### What you are asked to do
Only the lines from the beginning of the data through the one with "Okay, so there" belong in the answer, each retyped exactly, with pictures left out.

### Listed records

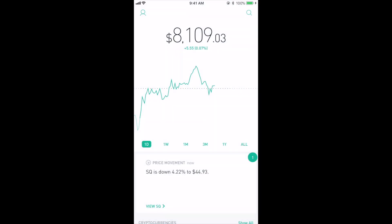But anyways, I hope this video helped clear up some questions for you guys about Robinhood taxes. Thanks for watching and I'll talk to you guys on the next video.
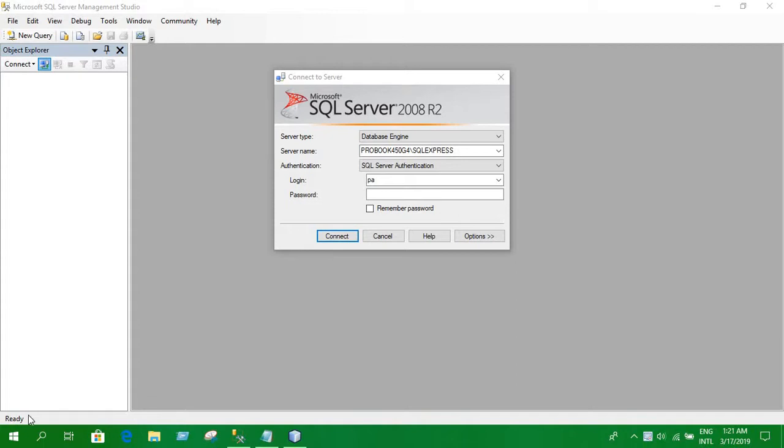Hello everyone guys, today we are going to see how we can connect our Java program with the database using SQL server IDE.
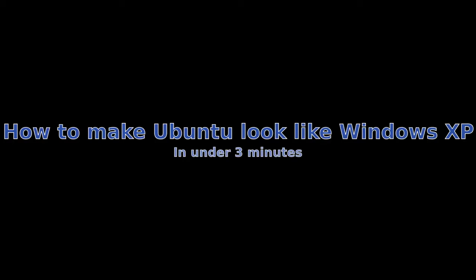Okay, so there are a few different ways you can go about making Ubuntu look like Windows XP. You can do it command line yourself, or you can run a script somebody's put together. Just to keep it going faster, we're trying to keep it under three minutes. I'm going to go ahead and just do a script.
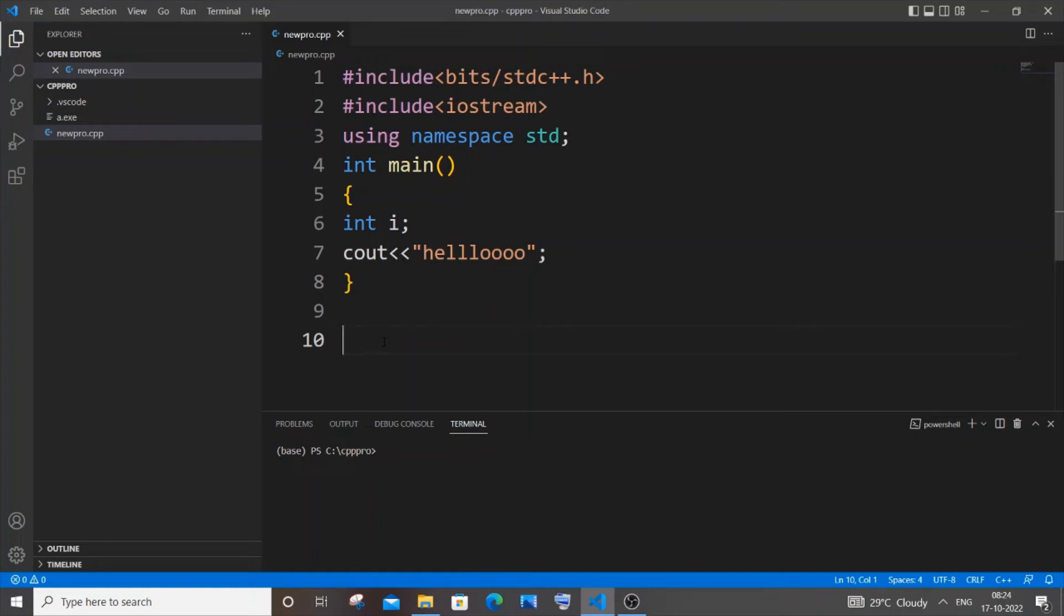Hey everyone, in this video I will be showing you how to enable IntelliSense or autocomplete for C++ in Visual Studio Code. So let's get started. I have just opened a C++ file over here.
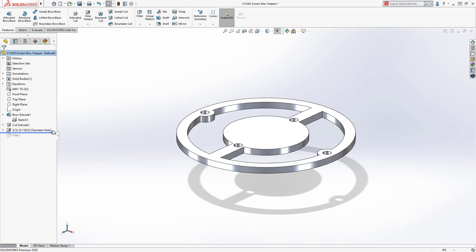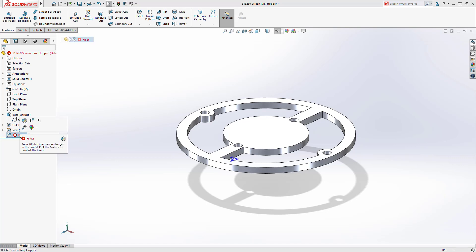However, the fillets fail. The edge references have changed even though the geometry is identical to the original design.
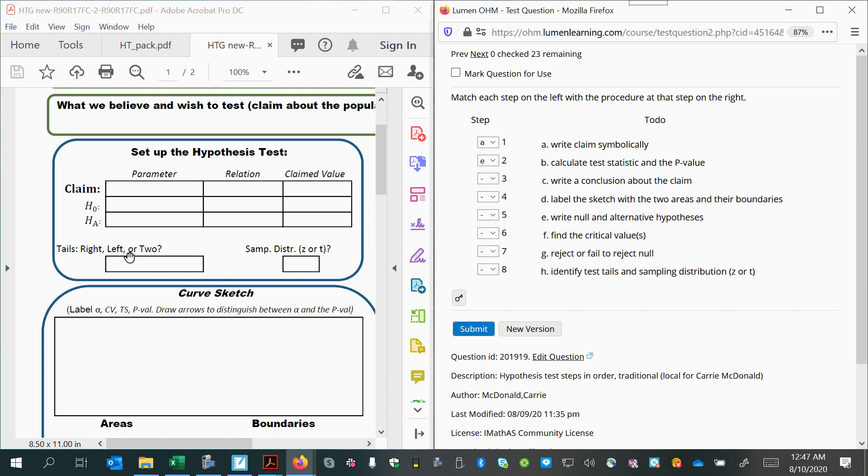After that, we'll determine what type of test it is. If it's right-tailed, left-tailed, or two-tailed, and whether or not we're doing z-scores or t-scores. So that would be identify the test tails and sampling distribution, H.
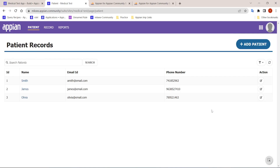Hi all, so today in this video we are going to start a new POC called the Medical Test Application.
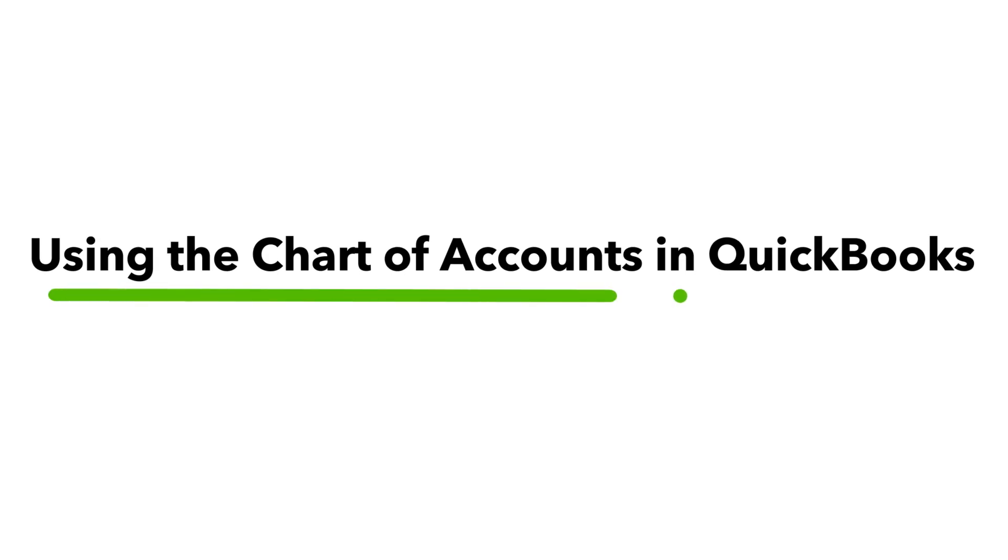The Chart of Accounts is the hub for all of your accounting. This video will give you a basic overview in how to understand and use the Chart of Accounts in QuickBooks.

### Final answer
But anyways, I hope this video helped clear up some questions for you guys about Robinhood taxes. Thanks for watching and I'll talk to you guys on the next video.
Hello everyone guys, today we are going to see how we can connect our Java program with the database using SQL server IDE.
Okay, so there are a few different ways you can go about making Ubuntu look like Windows XP. You can do it command line yourself, or you can run a script somebody's put together. Just to keep it going faster, we're trying to keep it under three minutes. I'm going to go ahead and just do a script.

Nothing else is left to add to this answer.